8. Choose hosting carefully.
Besides your domains, you also need to consider your hosting. This isn’t a problem if you’re going with subfolders for your translations but is a definite concern when using multiple sites. China is also a perfect example here, as hosting on a server in China will serve you better than using one in the U.S.
I don’t want you to think I’m picking on just China, however. Plainly put, hosting in the target country does increase relativity and local signals. A site with only French, hosted in France with a ccTDL will have a much better chance of ranking than one with several translations, hosted in India with a .de TDL.
Having said that, if you choose to host your site in another country, carefully review your possibilities. Each country has its own regulations, and you don’t want to be caught flat-footed by signing up with a less-than-savory hosting provider in a different country.
If you have a single site, host in your headquarter country. If you have multiple sites, opt for target country servers. But be very picky about hosting; not all countries have the same regulations. Read all fine print.
9. Up your off-page SEO strategies.
You’ve gone through all the trouble of setting up a French translation, in France, with a French ccTLD and your clients still aren’t getting the expected results. What gives?
A good place to check is your off-page SEO strategies. Are you building backlinks from local areas? A link from the U.S. to a German site isn’t going to do near as much good as a link from Hamburg, for example, or a link from a place in Kiev to a Russian translation.

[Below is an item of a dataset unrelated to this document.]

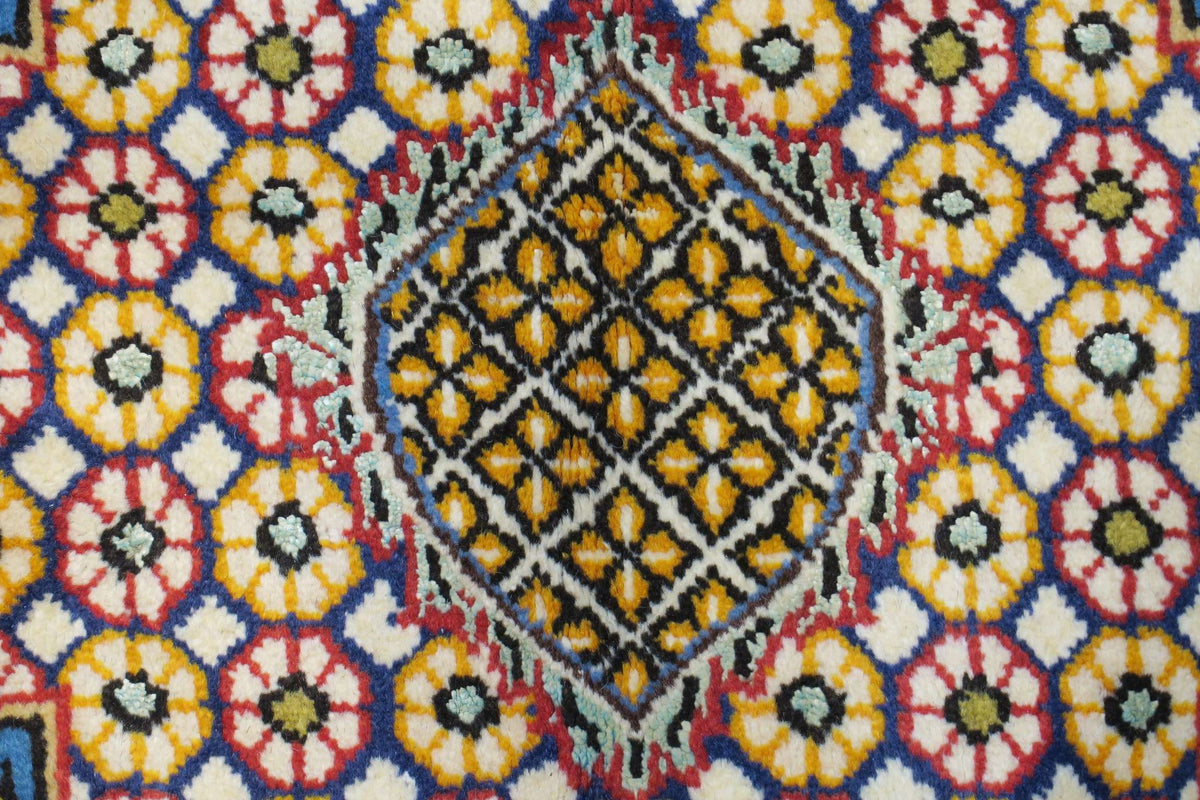 3' 6" x 5' 3" Persian Shahreza Rug image 0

As well, pay attention to your social strategies. Not every country uses Facebook en mass, believe it or not. You’d be hard-pressed to find a Facebook user in China, as the social media platform is banned, but the Philippines is the number one user. You might think YouTube is popular in Spain, but Mexico is its biggest user. And while Twitter has taken over Indonesia in storm, you might as well not bother in Germany or several other countries.
[Image caption: Social media usage break down by country for Facebook, YouTube, Twitter and Google +, courtesy of Smart Insights, Global social media research summary 2019]

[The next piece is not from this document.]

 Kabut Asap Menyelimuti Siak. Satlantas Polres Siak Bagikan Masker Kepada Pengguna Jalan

You already know not all links and marketing strategies are good ones. It’s SEO 101. However, this is even more true when dealing with international SEO. Get rid of your own perceptions about which platforms to use; use the ones your target country prefers.
10. Remember that there is a time for international SEO and a time to nix the deal.

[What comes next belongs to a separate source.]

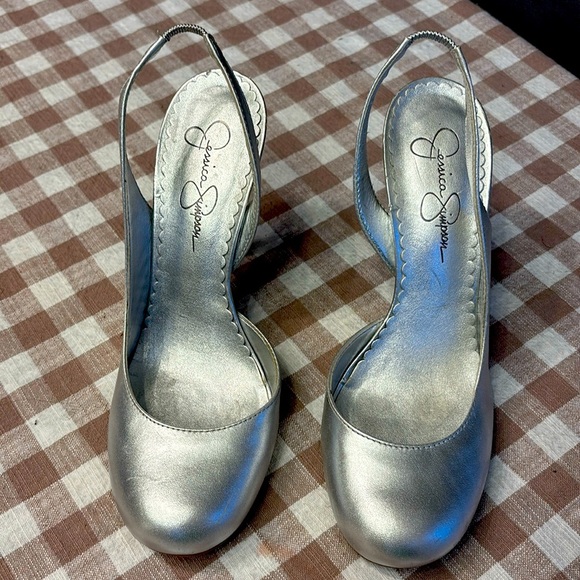 Jessica Simpson Shoes - EUC JESSICA SIMPSON SILVER SLINGBACK HEEL
Size:6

“The customer is always right,” may be a common statement in American business, but it shouldn’t be a thought process in SEO – especially international SEO. If you have a client that wants to go global, do your due diligence. An hour or two of research can verify whether it’s a good move or not.
A humorous write up in Insider talks about 14 common American things you don’t find much outside of the U.S., such as yellow school buses or red Solo cups. It’s interesting, but it also has a great take-away. Not everything translates.
Is the product or service something that is wanted in the target country? Does the client’s current site show significant interest from the target country? Do global competitors do well? Can the budget they give you support the move?
To be blunt, an unwarranted move to the global market can make or break your clients. If they aren’t ready for it, let them know it’s not a smart move. Will some of them go ahead with it? Sure – but they’ll be moving forward fully informed that the move may flop.
Maybe there’s a little CYA in there; if you told them before hand, then you were the voice of reason. But being informed also gives them the chance to have preemptive damage control.
Don’t let your client jump into international marketing uninformed. Take the little bit of time it would take to ensure it’s a good move, and make sure they know what they’re really getting into.
Bio:Gabriella Sannino is the founding partner of Level343 LLC an international SEO and marketing agency headquartered in San Francisco, California. A leader in international SEO, she’s helped numerous clients break into the global arena using a large network of partners in the target locale. Gabriella is a linguist, able to speak 5 languages and understand several more, as well as a frequent globe trotter. When she’s not working in San Francisco, you can find her in various parts of the world building strong international relationships. Join her on Twitter or LinkedIn.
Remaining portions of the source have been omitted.